読売新聞朝刊 2000年10月7日
社説 コメ支援 不可解な1200億円もの負担
政府が北朝鮮に対する五十万トンのコメ支援を決定した。費用は約千二百億円に上る。量、金額とも過去最大規模だ。
なぜ、これほどの支援なのか。政府の決定は、不可解としか言いようがない。
河野外相は、六月の南北首脳会談以後の朝鮮半島をめぐる情勢の変化を後押しするため、あえて踏み込んだ支援を行うのだと言う。これまでの人道名目の支援にとどまらず、政治判断に基づく支援に重点を移したということなのだろう。
それなら、北朝鮮が、日朝国交正常化交渉を大きく進展させ、日本人拉致(らち)やミサイルなどの問題でのかたくなな姿勢を改めるという見通しがあってしかるべきだ。

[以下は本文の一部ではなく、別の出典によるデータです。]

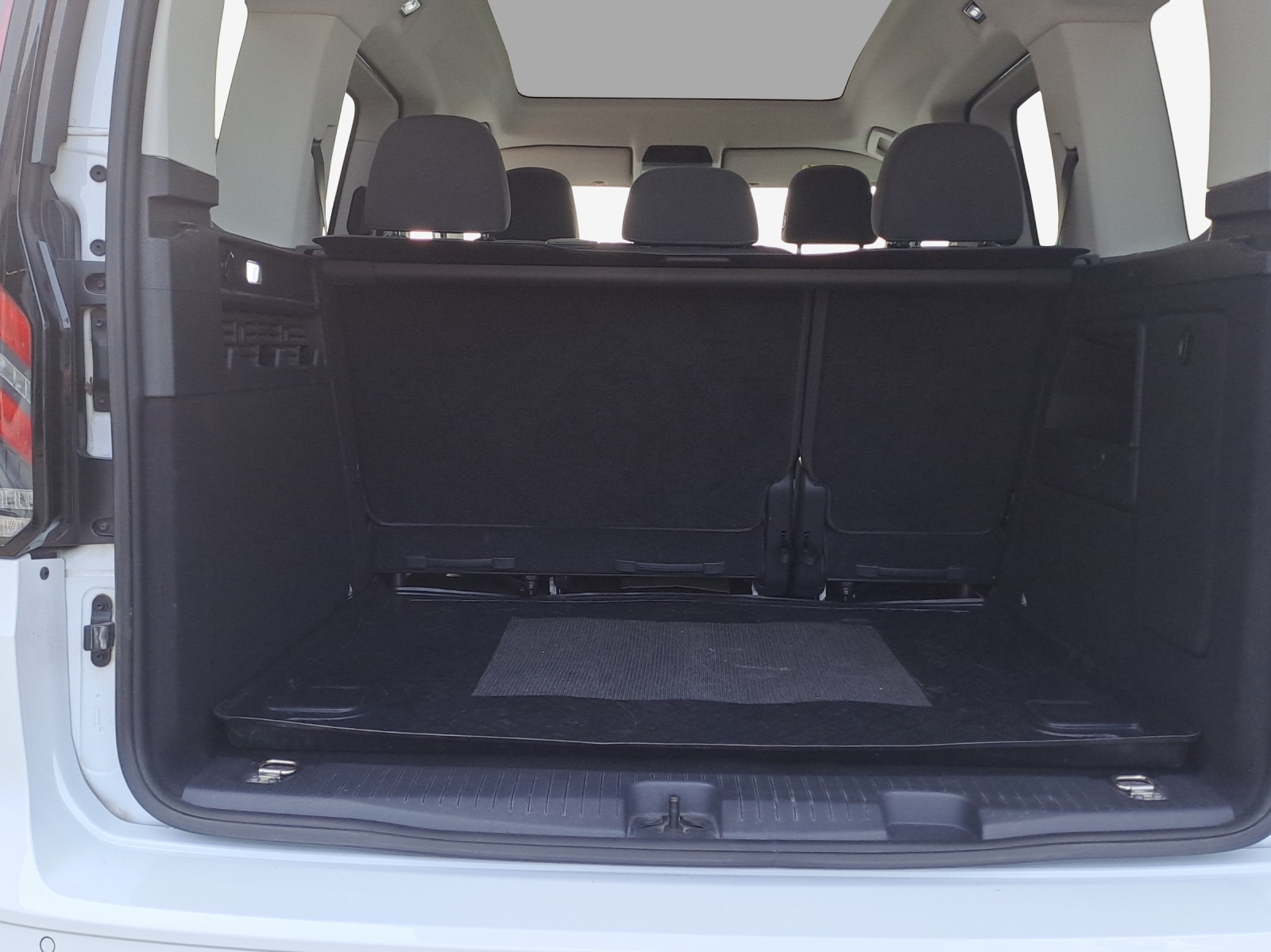 FORD Tourneo Connect 2.0 EcoBlue Titanium-image-12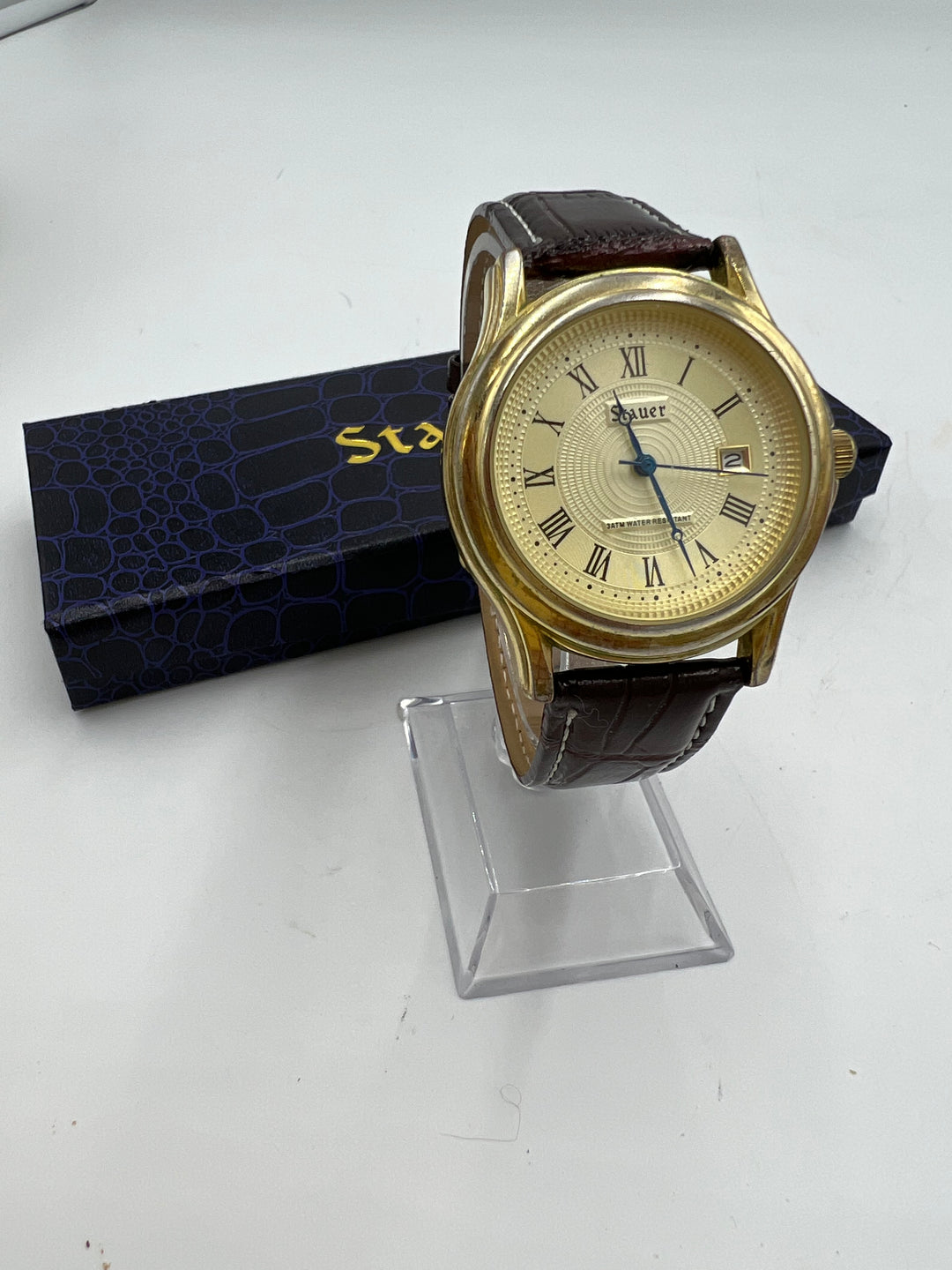 t635 Stauer Metropolitan Gold Tone Wrist Watch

しかし、現実には、拉致やミサイルなどの問題に前進の兆しは見えない。地域の安全保障環境を改善する動きもない。
政府内には、日朝交渉を促進させるための「環境整備」という考えがある。
だが、単なる期待感だけから前例のない大規模支援に踏み切るのでは、あまりに安易かつ無責任ではないか。
政治的支援であれば、北朝鮮が現実に肯定的な変化を見せた時に行うのが筋だ。
政府・与党内には、今回の大規模支援の背景には、四月の国交正常化交渉再開の前に超党派の国会議員訪朝団と北朝鮮との間で、五十万トンのコメ支援の“密約”があったという見方が根強くある。
今年三月の十万トンのコメ支援決定後、北朝鮮は残りの支援が実現しない限り、交渉に応じないと強硬な姿勢だったという。
これが、五月に予定されていた第十回国交正常化交渉の延期や、十月中に行われる予定の第十一回交渉の日程、場所がいまだに決まらない原因になっている。
北朝鮮側が交渉継続をカードにコメ支援を引き出そうとし、これに日本が振り回されている構図と言っていいだろう。
世界食糧計画(WFP)の先の北朝鮮への食糧支援アピールは今年九月から十二月まで四か月分十九万五千トンだった。政府決定がこれを大きく上回ったのは、来年の不足分なども上積みしたためという。
これも疑問だ。当面は要請の範囲内にとどめ、WFPの次回のアピールの内容を見て追加支援すればよいのではないか。
政府の説明は、大規模支援を正当化するためのつじつま合わせでしかない。
支援の内容や仕方も問題だ。
日本の負担額が千二百億円にも上るのは主に価格の高い国産米を支援に充てるためだ。例えば、価格が国産米の一割にも満たないタイ米であれば、同じ五十万トンの支援が百億円強で済む。
自民党の農林族議員の強い要請があったというが、コメ支援に便乗した余剰米対策で外交をゆがめてはならない。
コメ支援をめぐる日本の対応を見ると、対北朝鮮外交の軸足が定まっているのかどうか不安になる。
情勢が変化している時こそ、腰をすえ、毅然(きぜん)とした姿勢を貫くことが大切だ。